El presidente egipcio ha impulsado durante su primer mandato megaproyectos característicos de los gobernantes autoritarios, como el de la ampliación de un tramo del canal de Suez o la edificación de una nueva capital administrativa entre El Cairo y el mar Rojo. También han aumentado en la legislatura que ahora concluye los casos de torturas bajo detención y de desapariciones, temporales o permanentes, de disidentes, según Human Rights Watch. Por lo demás, su decisión de entregar a Arabia Saudí las islas de Tiran y Sanafir, en la embocadura del golfo de Aqaba, ha sido vista como una de las más impopulares de su presidencia al golpear el orgullo nacional egipcio.
General destituido

Sigue manteniendo un indudable prestigio de primus inter pares en el estamento militar, al frente de una generación de generales que, al contrario que sus predecesores, carecen de experiencia de combate. La destitución, el pasado octubre, del jefe de las Fuerzas Armadas, general Mahmud Hegazy, un antiguo compañero de armas con quien está emparentado, ha sido interpretada en Egipto como un reconocimiento expreso de los limitados resultados en la lucha contra el yihadismo.
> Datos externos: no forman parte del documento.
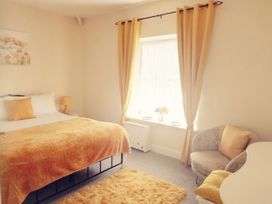 A bedroom with a bed yellow blanket and pillow a bedside table lamp a window with yellow curtains a chair with a yellow cushion and a rug at Llys Madoc The Top Flat in Penmaenmawr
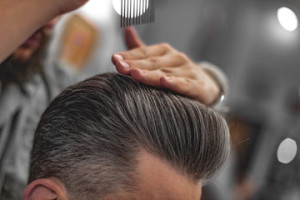 Fototapeta Fryzjerstwo Barber does hair styling. Men's Hair Care.
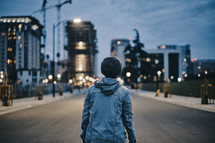 a teen boy standing in the middle of a road looking back at a city 
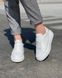 Білі шкіряні жіночі кеди Emeli 106-110 456564533221 фото 1 - каталог жіночого взуття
El culto a la personalidad de la dinastía autoritaria de extracción castrense que inauguró Nasser, se ha asentado ya en la figura de Al Sisi. Muchos ven en ello una señal inequívoca de una vocación de aferrarse al poder tanto tiempo como sea posible. Sus aliados en el Parlamento han propuesto una reforma de la Constitución —que limita a dos legislaturas los mandatos presidenciales— para que el exmariscal pueda presentarse de nuevo a la reelección en 2022, e incluso más adelante.